Scientists in Germany and the US have built a passively modelocked Ti:Sa laser that ahieves an unbeatable combination of high bandwidth, high average power and repetition rates of up to 10 GHz. The laser, which delivers pulses of down to 42 fs, is intended to increase the signal-to-noise ratio of spectroscopic measurements that require a laser frequency comb, and could also be used in the development of optical clocks.
"The combination of high repetition rate and large fractional bandwidth is a measure for the merit of a frequency comb for spectroscopy purposes," said Albrecht Bartels of Gigaoptics, a German company that already markets femtosecond lasers operating at 1 GHz and 5 GHz. "The fractional bandwidth is typical for other Ti:Sa lasers, but very large compared with other 10 GHz sources — which usually deliver picosecond pulses."
The crucial advantage of such high repetition rates is that for the first time it allows the individual modes of the femtosecond laser — in other words, the "teeth" of the frequency comb — to be separated with a simple grating spectrometer.
"The spacing between the frequency comb modes depends on the repetition rate," explained Bartels. "Most applications of femtosecond laser frequency combs only require a single or a few specific modes out of the many available. Now we are able to isolate these modes and individually direct them to an experiment, while unwanted modes that only create additional noise are excluded."
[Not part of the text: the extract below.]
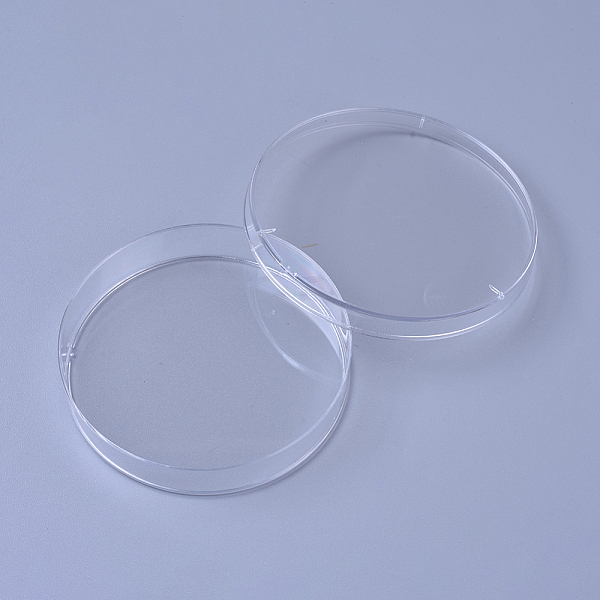 PandaHall Plastic Disposable Cell Culture Dish, Flat Round, Clear, 9x1.55cm, Inner Diameter: 8.45cm Plastic Clear
PandaHall Plastic Disposable Cell Culture Dish, Flat Round, Clear, 9x1.55cm, Inner Diameter: 8.45cm Plastic Clear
According to Bartels, the laser supports around 500 modes, each separated by precisely 10 GHz. And because the spacing between the modes is larger than at lower repetition rates, the output power from the Ti:Sa laser is spread between fewer modes.
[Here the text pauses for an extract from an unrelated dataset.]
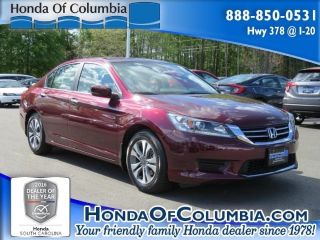 Used 2013 Honda Accord LX in Lexington, South Carolina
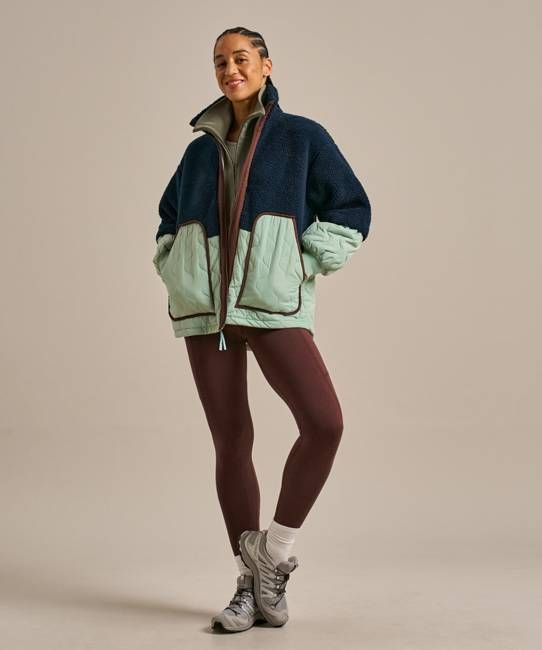 Everyway Hybrid Fleece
As a result, each mode delivers power levels of more than 1 mW, which is more than enough for most spectroscopic applications. "Some applications require only nanowatts per mode, but more power means more signal-to-noise ratio and thus quicker measurements."
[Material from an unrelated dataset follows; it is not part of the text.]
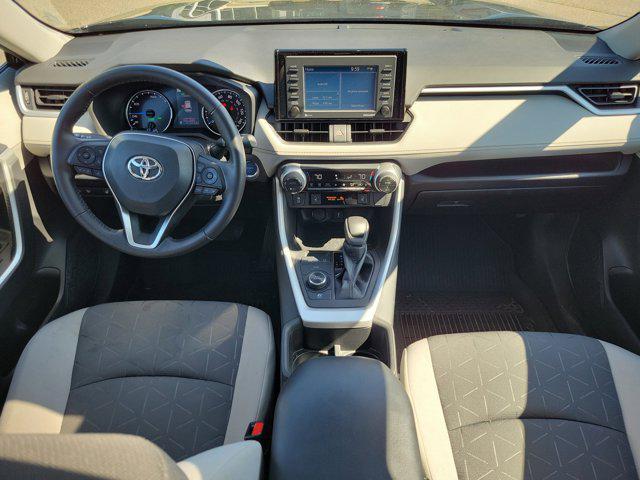 used 2022 Toyota RAV4 Hybrid car, priced at $31,998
The new laser design, which was unveiled in a post-deadline paper at the Conference for Lasers and Electro-Optics (CLEO) in May, was developed by Bartels in collaboration with researchers at the University of Konstanz in Germany and the US National Institute of Standards and Technology (NIST) in Boulder, Colorado. Bartels told optics.org that a commercial version of the laser is due to be launched within the next six months.
According to Bartels, the key parameter for achieving high repetition rates is the peak intracavity intensity, which is increased by tightly focusing the pump laser to a 10 µm spot within the Ti:Sa laser. The ring cavity design also supports higher repetition rates for a given number of cavity mirrors, in this case a minimum of four.
The use of a Ti:Sa crystal also ensures a broad gain bandwidth, as well as efficient pump light absorption and high gain over a short length — which is essential to achieve the 10 GHz repetition rate. The output wavelength of 783 nm is also useful for many applications.
"Most importantly, it matches the resonances of useful atomic systems, such as rubidium and caesium, which will allow the 10 GHz frequency comb to be locked to such atomic references for precision spectroscopy purposes," said Bartels.
The next stage, says Bartels, is for his co-workers at NIST to demonstrate the use of the laser in applications such as direct frequency comb spectroscopy, waveform generation, and astronomical spectrograph calibration. Further work on the mechanical packaging of the laser will also be needed before a commercial device can be released.